Elle était dos à la porte et admirait les traits de son nouveau-né lorsque Darcy revint de son rendez-vous avec M. O'Shee. Il entra dans la pièce en sifflotant et prit place sur une chaise près du feu afin d'enlever ses bottes.
-'J'aurais aimé que tu puisses voir les cottages, Lizzie.' Lui dit-il, visiblement satisfait. 'Une finition en toute simplicité, mais si bien exécutée. M. O'Shee était très fier.'
Elle ne répondit pas, mais cela n'empêcha pas son époux de poursuivre la conversation.
-'Les chantiers vont plus vite que je ne le pensais. À ce rythme, tous les sinistrés auront bientôt retrouvé le confort d'une maison. Moi qui m'inquiétais que ce ne soit pas terminé avant l'automne, il se pourrait bien que nous finissions à temps.'
-'Je suis contente que tu sois satisfait des efforts de M. O'Shee.'
Remarquant son ton calme et doux, il se tourna vers elle et fronça les sourcils. 'Ai-je interrompu ton sommeil? Tu me sembles fatiguée.'
-'Un peu, mais non, tu ne m'as pas réveillée.'
-'Qu'a dit Mrs Yeats?
-'Hm?'
-'Mrs Yeats. Ne devait-elle pas passer cet après-midi pour vérifier ton état?'
Elizabeth, dont le cœur palpitait de bonheur, ne lui fit pas face encore: 'Nous n'aurons plus besoin de Mrs Yeats.'
-'Pourquoi? Je croyais que vous vous entendiez bien.'
-'En effet, nous nous entendons très bien. Cependant, ses services ne seront plus nécessaires.'
L'enfant fit un petit bruit dans son sommeil et Darcy se figea instantanément.

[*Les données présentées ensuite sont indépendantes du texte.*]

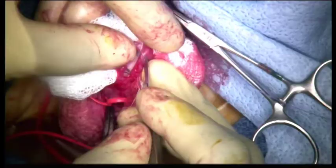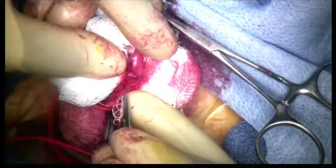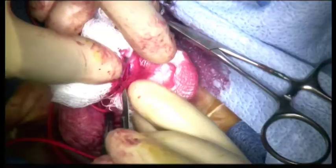Using the technique described by Snodgrass, the dorsal urethral plate is split in the center to permit the plate to be tubularized around the stent. Incisions on either side of the urethral plate are extended to permit the plate edges to be approximated around the stent. Dissecting the glans partially off the corpora allows the glans to be wrapped around the neourethra.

-'Lizzie?' Il se leva lentement afin de s'avancer vers le lit et ses yeux s'agrandirent sous l'effet de la surprise en voyant le bébé emmailloté aux côtés de sa femme. 'Oh, Lizzie…'
Il vint s'asseoir près d'eux, repoussant doucement les couvertures pour mieux observer son visage.

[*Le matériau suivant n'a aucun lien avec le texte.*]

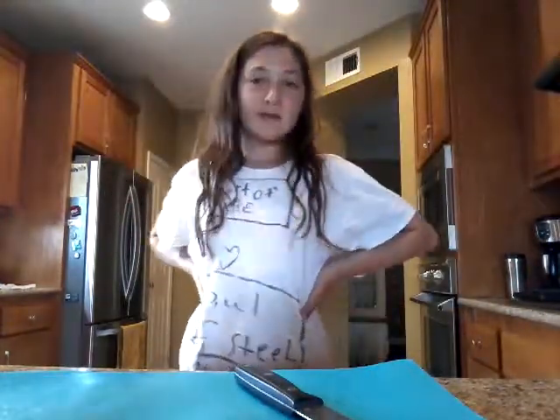Hey guys, what's up? Welcome back to my video of Backup Day. Today I'm talking about my dad's tablet again because my other camera on my tablet isn't working and I'm in my panache.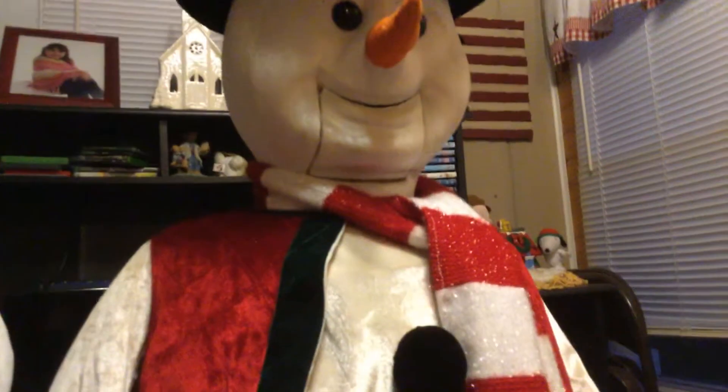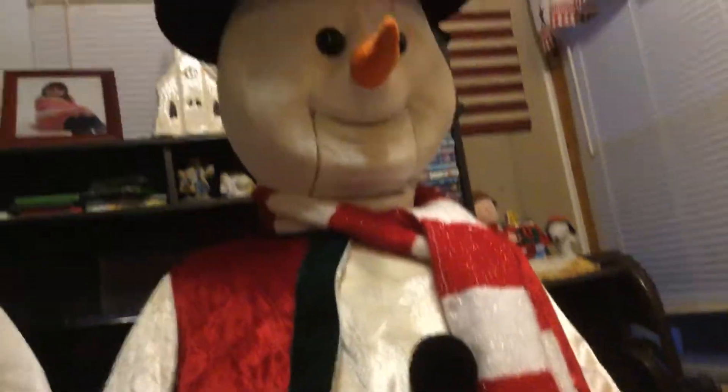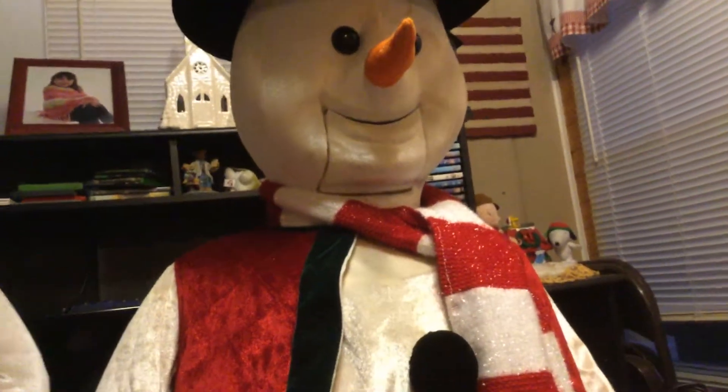Watch. If I can — there we go. See? All he does is move his mouth.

-'Comment est-ce possible?' murmura-t-il, abasourdi. 'Pourquoi ne m'a-t-on rien dit?'
-'J'avais un tel souvenir de la douleur de l'enfantement que je n'ai pas su la reconnaitre réellement avant qu'il ne soit prêt à venir au monde.' Répondit-elle avec affection, caressant la joue rebondie de leur enfant. 'Il est arrivé tout en douceur.'
-'Il? C'est un garçon?'
Elle hocha la tête, un grand sourire aux lèvres. 'Oui…ton héritier.'
Darcy prit son fils dans ses bras, déjà subjugué par ce petit être aux cheveux pâles. Il posa un baiser sur son front et, les yeux humides, sourit à son tour.
-'Notre héritier.' La corrigea-t-il sous son souffle. 'Bennet Fitzwilliam Darcy, l'héritier de Pemberley.'
(-*-)
Enfinnnnnn, il est né! J'espère que ce chapitre vous a plu, j'ai bien aimé l'écrire, même si je dois avouer avoir recommencé au moins trois fois haha merci à Aurore pour son aide dans ce casse-tête!
Je ne peux promettre la suite rapidement puisque j'ai beaucoup de travaux à remettre dans les prochaines semaines, mais je peux par contre vous assurer qu'elle sera là avant Noël. Ça semble très loin comme date, je sais, mais je préfère être prudente plutôt que de vous faire de faux espoirs.
Merci à tous et toutes celles qui laissent des reviews, j'apprécie toujours savoir ce que vous pensez de mon histoire et si vous avez des questions, n'hésitez pas, il faut seulement s'assurer que je puisse vous répondre (soit en vous connectant pour que je puisse vous répondre en privé ou en laissant un nom pour que je puisse m'adresser à vous dans les notes de bas de page comme je le fais présentement).
Tantine : M. O'Shee est le cousin de Vivianne, ils n'ont jamais été un couple. Kitty pensait tout d'abord qu'ils étaient amoureux, avant de connaître le lien qui les unissaient. Ils ont grandis ensemble alors se considèrent plutôt comme des frères et sœurs : )
Dorlote : Oui, M. Parker est retourné à Londres (enfin, je crois l'avoir mentionné à quelque part!). Il n'a pas été oublié, t'inquiètes ; )
En ce qui concerne Edwina, il faudra un peu plus de patience pour savoir!